Editorial Prelude — from the Council’s Continental Desk:

When Orwell sneered at the cranks of his day—the sandalists, the celery-juicers, and the moral gymnasts who mistook discipline for depth—he dreamed of a socialism scrubbed clean of patchouli and prophecy. Yet, as the Cabinet Magazine essay on Wigan Pier’s bohemian socialists observed, the odor of eccentricity is the price of genius. Every movement begins with a badly dressed prophet and ends with a conference lanyard.

Mrs. Begonia, ever attentive to scent and semantics, now submits her continental clarification: the crank has survived—but she has changed perfume.

***

My Esteemed and Occasionally Exasperating Colleagues,

How reassuring it is to find that our venerable Council remains, in essence, a congregation of cranks—each of us bent at precisely the right and necessary angles. Some turn the handle with scholarly precision, others with theatrical noise, and a few, bless them, by sheer accident. Together we keep the great metaphysical engine coughing along, one sputter short of revelation. You are, every one of you, delightfully askew—and I say that with the deepest affection.
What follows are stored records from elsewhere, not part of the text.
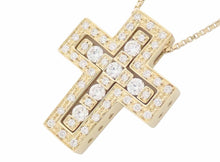 画像をギャラリービューアに読み込む, - DAMIANI ダミアーニ ベルエポック ネックレス (S) K18YG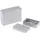 Gainta G304 Gehäuse 115 x 65 x 40 ABS Kunststoff Dunkelgrau 1St.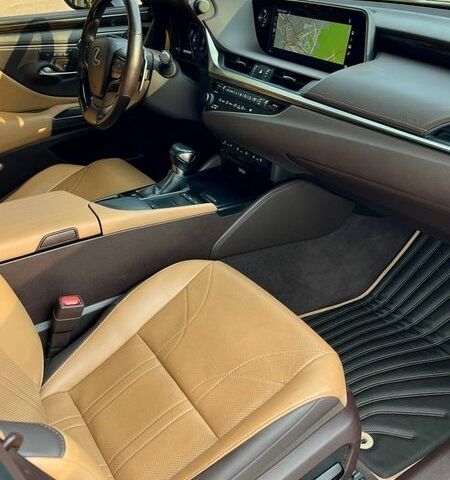 Синий Лексус ЕС, объемом двигателя 2.49 л и пробегом 151 тыс. км за 34500 $, фото 7 на Automoto.ua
It seems only proper, then, that we pause to consider the word that so perfectly describes us, and the curious destiny hidden within its name.

Our moniker for today is the pejorative, CRANK.
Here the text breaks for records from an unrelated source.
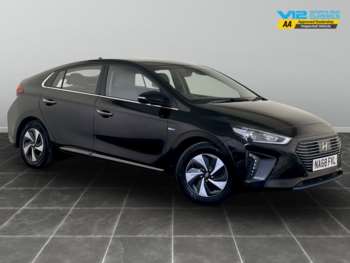 2018 (68) - 1.6 GDi Hybrid Premium SE 5dr DCT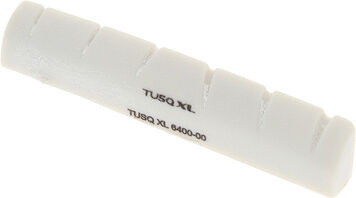 Graph Tech TUSQ XL PQL 6400-00 Guitar Nut Elfenbein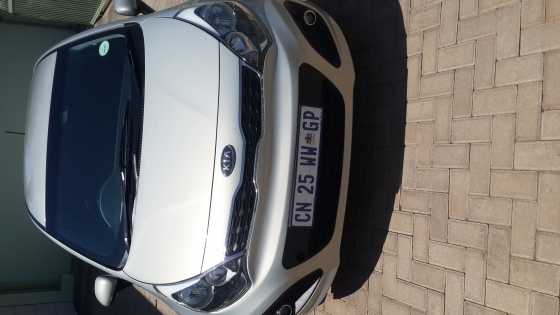 Kia Rio 1.4 2013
Words can have multiple meanings. Our favorites are those that also encompass their opposite. They are called Janus words or contronyms.

Smitten is one that means a strong feeling of attraction or it can mean to hurt, kill, or punish. Yes we just looked it up on the web to clarify.

The Internet is both a blessing and a curse to those without photographic or youthful memory. Correct? All one has to do is recall a snippet and it is again revealed to you in its entirety after a short search.

Those with Google memories still need a starting point. So Google memory should not be a dismissal of intellect. They were, in their own halting way, circling the truth as poets do their prey. They just needed a search engine to pull their nascent idea along.

A true genius summons what he needs from memory; the sub-genius, as that curious American church would have it, merely seeks illumination from the algorithmic beyond. Think of him as genius with a starter crank. But let us be charitable—at least he turns his own handle.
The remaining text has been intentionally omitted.